If Forbes enters into a definitive agreement relating to the Pharmachem Revised Offer, copies of the definitive agreement will be filed with the Canadian and US securities regulatory authorities and will be available at the Canadian SEDAR website at www.sedar.com and at the US EDGAR website at http://www.sec.gov. A management proxy circular in respect of the Meeting has been mailed to shareholders.
About Forbes Medi-Tech
Forbes Medi-Tech Inc. is a life sciences company focused on evidence-based nutritional solutions. A leader in nutraceutical technology, Forbes is a provider of value-added products and cholesterol-lowering ingredients for use in functional foods and dietary supplements.

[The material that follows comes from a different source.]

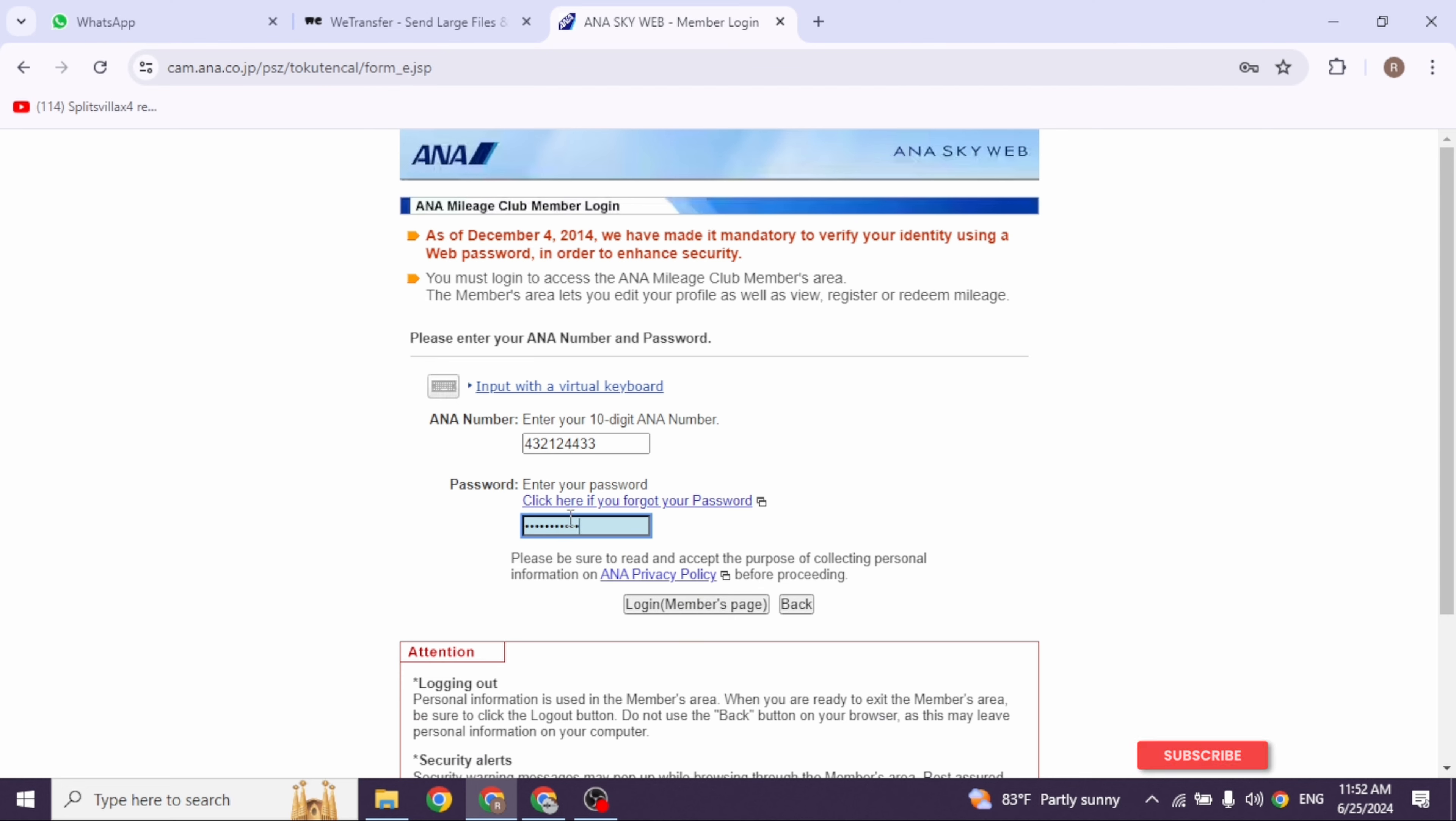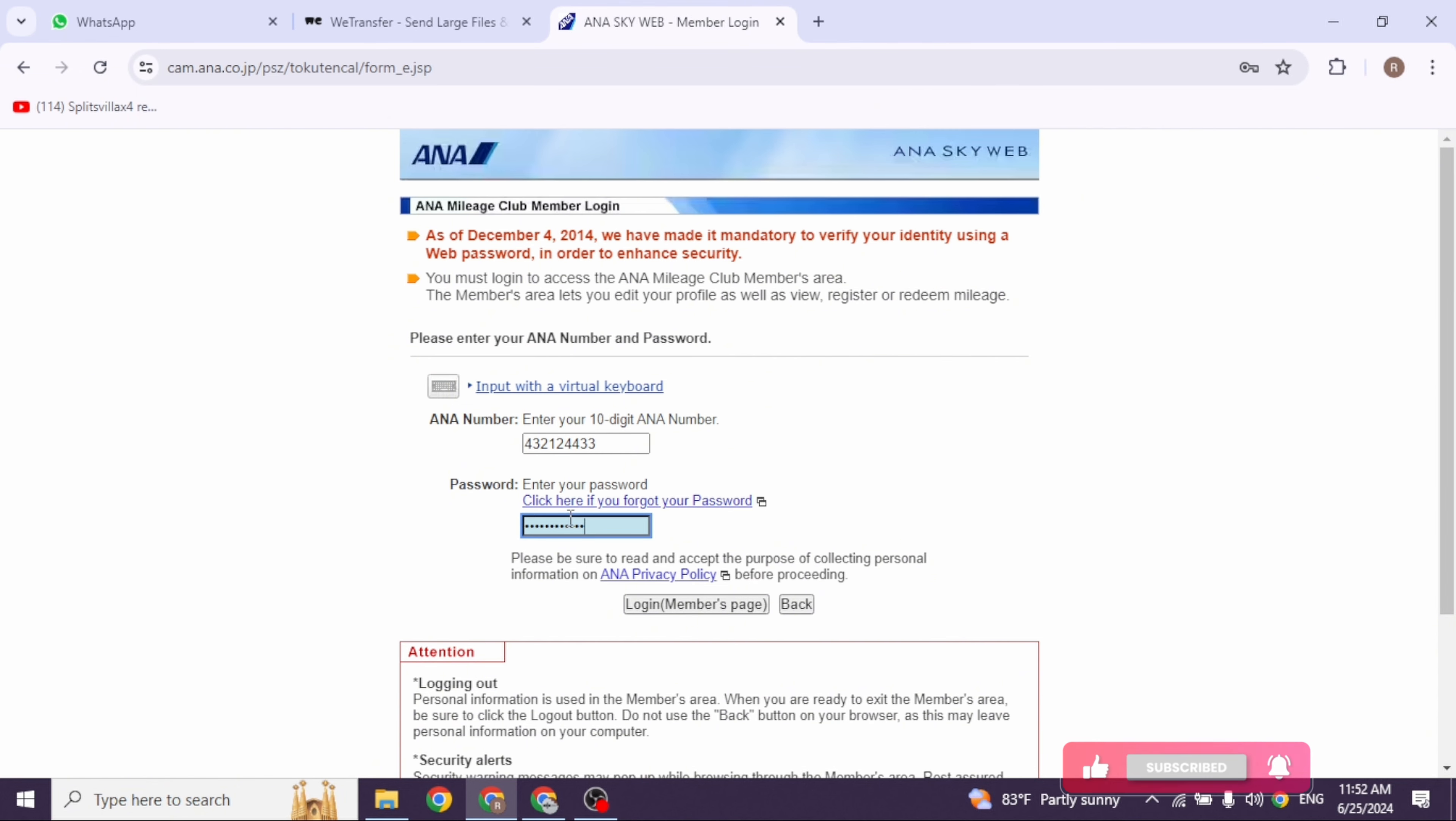Once you fill this in, you can go ahead and click on 'Login' and just like that you will be logged into your account. So this way you can easily log into ANA Mileage Club.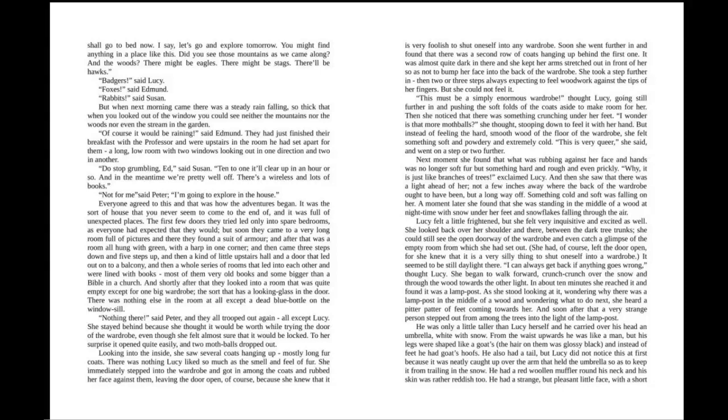"Not for me," said Peter. "I'm going to explore the house." Everyone agreed to this, and that was how the adventures began. It was the sort of house that you never seemed to come to the end of, and it was full of unexpected places. The first few doors they tried led only to spare bedrooms, as everyone expected, but soon they came to a very long room full of pictures, and there they found a suit of armor. After that was a room all hung with green with a harp in one corner, and then came three steps down and five steps up, and then a kind of little upstairs hall and a door that led out onto a balcony, and then a whole series of rooms that led into each other and were lined with books, most of them very old books and some bigger than a Bible in a church.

Forbes successfully developed and commercialized its Reducol™ plant sterol blend, which has undergone clinical trials in various matrices and has been shown to lower "LDL" cholesterol levels safely and naturally. For more information about Forbes Medi-Tech, please visit www.forbesmedi.com.

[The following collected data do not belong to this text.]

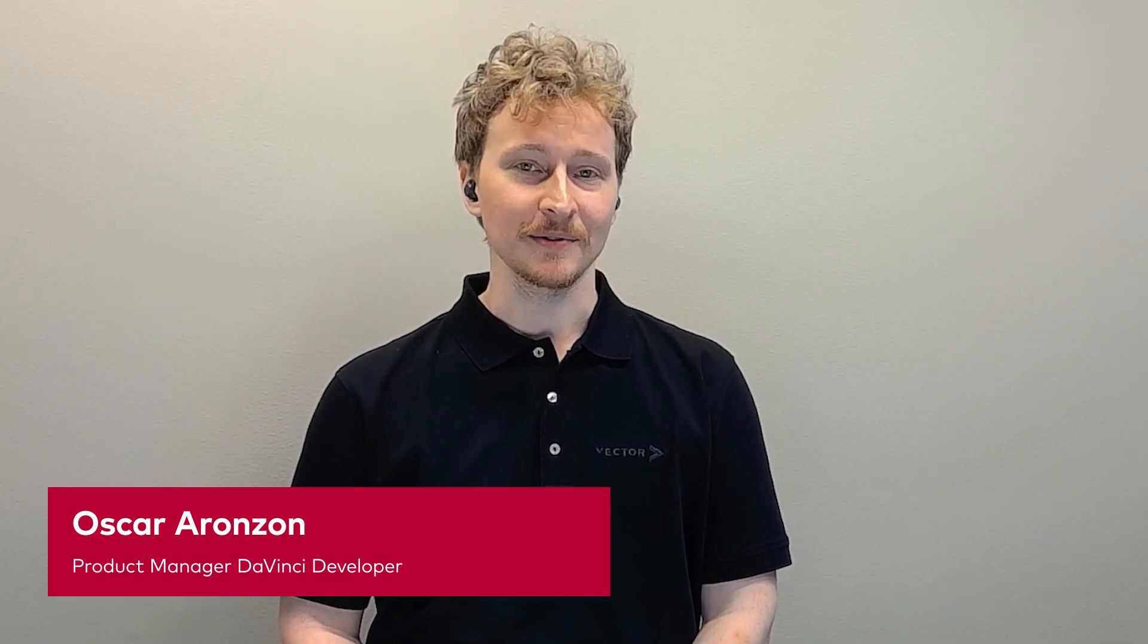Hi there, my name is Oskar Alonsson and I'm the product manager for DaVinci Developer Adaptive and I'm here to show you some highlights of our newest version 2.14.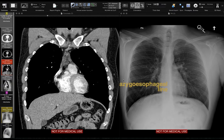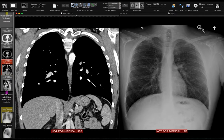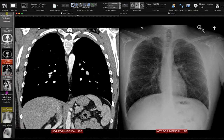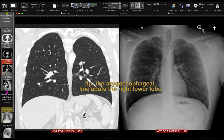The next thing that I look at is the azygoesophageal line. The azygoesophageal line is exactly what it sounds like — it's the interface that the azygous vein and the esophagus form with the adjacent lung. That line starts here at the diaphragm and you can see it go up, and when we get to about the level of the carina, we lose that line as it gets obscured by other structures. On CT, this is the esophagus — the lucent tube structure — and this is the azygous vein, right next to each other. What we're looking at on the chest x-ray is that interface between the azygous and esophagus and the adjacent lung.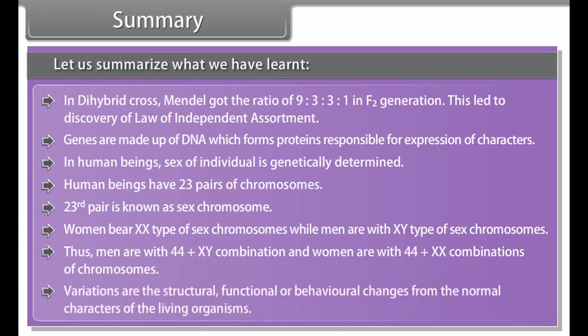Thus, men have a 44 plus XY combination, and women have a 44 plus XX combination of chromosomes. Variations are the structural, functional, or behavioral changes from the normal characters of living organisms.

About Pharmachem Laboratories, Inc.
Pharmachem Laboratories, Inc. is a premier international innovator, manufacturer and supplier of the finest quality ingredients. They deliver optimal solutions tailored to meet customer needs across a complex matrix of industries including nutritionals, food and beverages, flavors and fragrances. For more information about Pharmachem Laboratories, Inc., please visit www.pharmachemlabs.com.

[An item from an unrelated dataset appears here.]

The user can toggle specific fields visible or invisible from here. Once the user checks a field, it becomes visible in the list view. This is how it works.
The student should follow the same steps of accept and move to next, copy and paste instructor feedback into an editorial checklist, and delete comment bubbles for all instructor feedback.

Forward looking Statements and Risks
This News Release contains forward-looking statements and forward-looking information, within the meaning of applicable securities laws (collectively, "forward-looking statements"), regarding the Pharmachem Revised Offer and the MHT Amended Asset Purchase Agreement. Forward-looking statements can be identified by forward-looking terminology such as "if", "will", "can be", "may", "intends", "anticipates" and similar expressions or variations thereon. Forward-looking statements are inherently uncertain, and actual results may differ materially from the forward-looking statements due to a variety of risks, uncertainties and other factors, including, without limitation, the risk that the Company will not complete the Asset Sale in accordance with the terms of the Pharmachem Revised Offer or at all or that the proceeds available for distribution in the Liquidation will be less than anticipated. Factors that may impact the amount of proceeds available for distribution in the Liquidation include but are not limited to (i) unanticipated fees or expenses incurred in connection with the Asset Sale and Liquidation; (ii) other unforeseen expenses, liabilities or obligations; (iii) litigation and products liability risks; (iv) decreases in the value of non-cash assets; or (v) obligations to indemnify MHT or Pharmachem in accordance with the terms of the applicable purchase agreement. Forward-looking statements are based on the beliefs, assumptions, and expectations of the Company's management at the time they are made, and the Company does not assume any obligation, except as required by law, to update its forward-looking statements if those beliefs, assumptions, or expectations or other circumstances should change.